The Montana Supreme Court opinion details this. In Citizens United, the majority said they concluded that neither of these existed. But in light of the detailed examples of that type of corruption, and the statement of six of the seven Montana Supreme Court justices that they themselves believe that unlimited contributions and independent expenditures directly corrupts the legislative process, it will be a lot of fun to watch the Supreme Court majority reiterate that they “find” that there is no such corruption and no public perception that that kind of money undermines the integrity of the legislative process.

The Citizens United majority’s purported finding was intended as a finding of fact, not a statement of law—a very big difference, and the reason that, as you know, Dan, I disagree with the legal pundits who have said they expect that the Supreme Court will overrule the Montana Supreme Court.
In Citizens United, the Supreme Court simply decided on its own to address this issue and the constitutionality of the part of the McCain-Feingold law that this supposed finding of fact concerned. There was no evidentiary hearing in the trial court concerning either actual corruption or the public perception of it, related to unlimited campaign contributions and unlimited independent campaign expenditures by corporations. The Court’s majority simply pronounced their finding of fact based upon nothing more than their personal views, their own ideology, as if ideology and the personal opinions of five justices is evidence.

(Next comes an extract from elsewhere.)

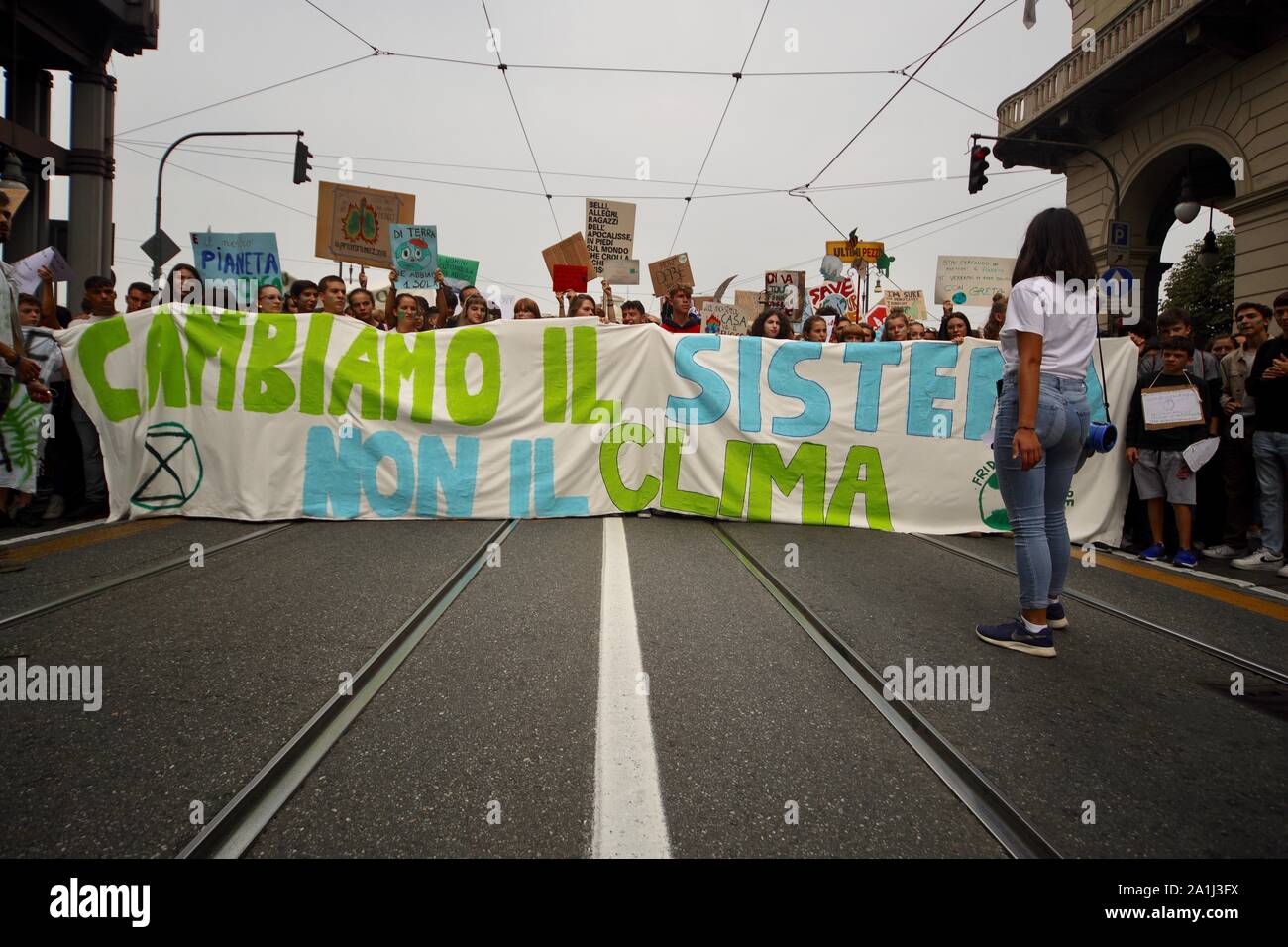 Torino, Italia. 27 Settembre, 2019. Venerdì per il futuro gli attivisti sciopero e dimostrare durante il clima globale sciopero. Credito: MLBARIONA/Alamy Live News Foto Stock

In my opinion, under the ruling in Citizens United, which actually is a fact-based ruling rather than a categorical statement of constitutional law, Congress could re-enact a statute similar to that part of McCain-Feingold, and as the law stands now, under Citizens United, defend its constitutionality in court. When the statute’s constitutionality is challenged, the government, in defending in the lawsuit, could parade huge numbers of people—some of them very high-profile. NY Times columnist, Thomas Friedman, for example, has called the system of campaign contributions legalized bribery authorized by the Supreme Court), some of them just ordinary folks from, say, Montana—to refute the unsupported , out-of-the-blue, findings of fact in Citizens United.

Unless, of course, the Supreme Court, in, say, the Montana case suddenly changes the stated justification for its Citizens United ruling, from a supposedly fact-based one to a categorical ruling of law that the First Amendment bars any such statutory restrictions irrespective of facts, and therefore overtly removes this area of First Amendment law from the usual balancing-of-interests analysis. Most people think that’s what they did in Citizens United. But it’s not. The Montana Supreme Court justices recognized this, and it was the basis for their ruling.

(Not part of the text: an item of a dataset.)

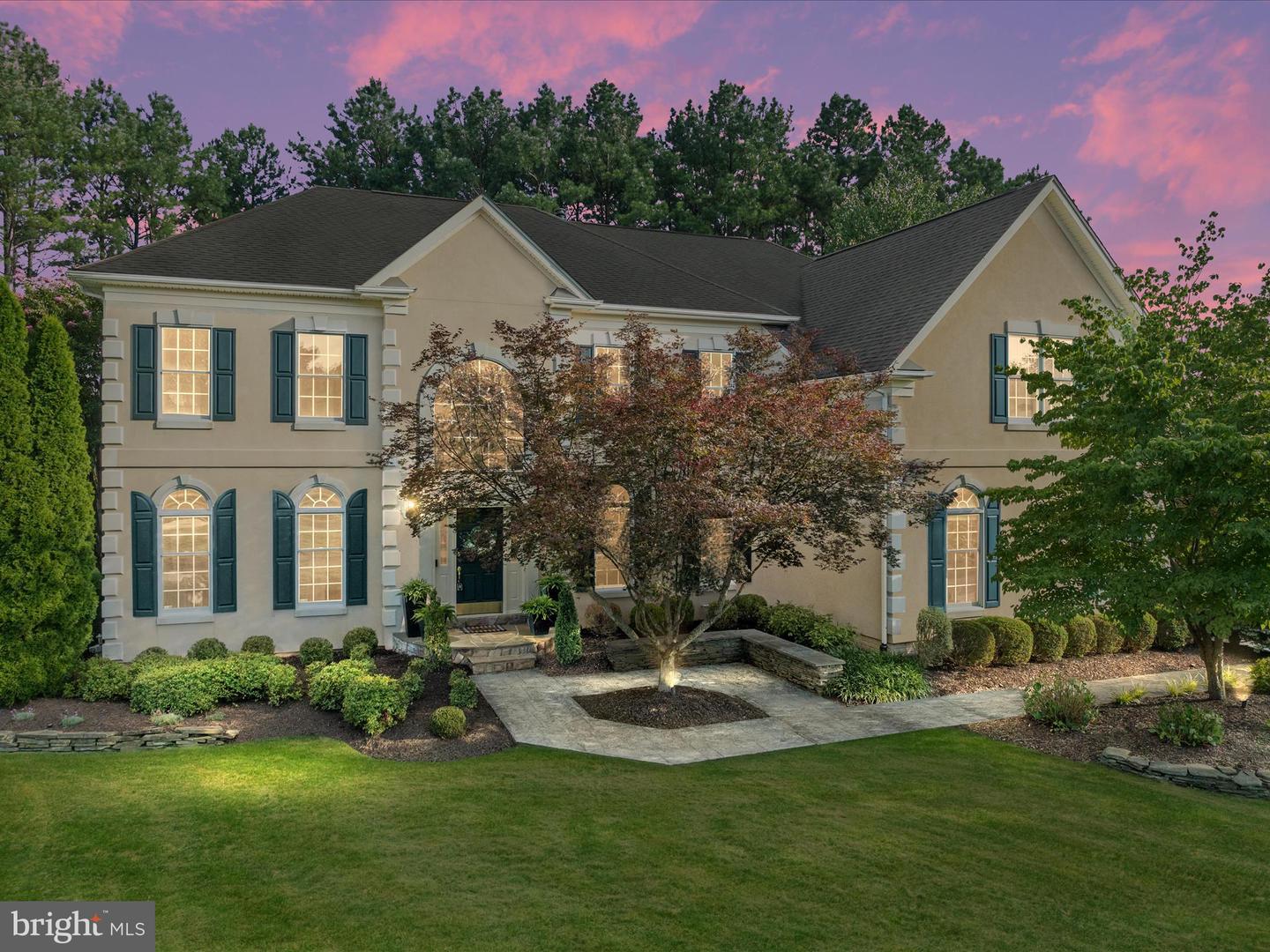 15047 MEDINAH CT, HAYMARKET, Virginia 20169, 5 Bedrooms Bedrooms, ,5 BathroomsBathrooms,Residential,For sale,15047 MEDINAH CT,VAPW2096966 MLS # VAPW2096966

And once the Montana case gets to the Supreme Court, and gets the national publicity it will get if (almost certainly, when) the Supreme Court agrees to hear it, the public will learn this. I think the Court will be treading quite close to losing the confidence of a vast majority of the public if it reiterates its own claimed finding of fact from Citizens United, in the face of the extensive evidence in that case (again, including the view of six of the seven Montana Supreme Court justices) that vast majorities of the public do, as a matter of fact, perceive that unlimited campaign contributions and veneer-thinly-independent electioneering expenditures compromise the integrity of the legislative system. And I think the justices will recognize that.

Which will leave them with the choice between categorically rewriting a significant part of First Amendment law, which they superficially nodded to in Citizens United and circumvented there via their spontaneous finding of fact, or instead once again overtly supersede clear fact with their own Mad Hatter view of it. Sit tight.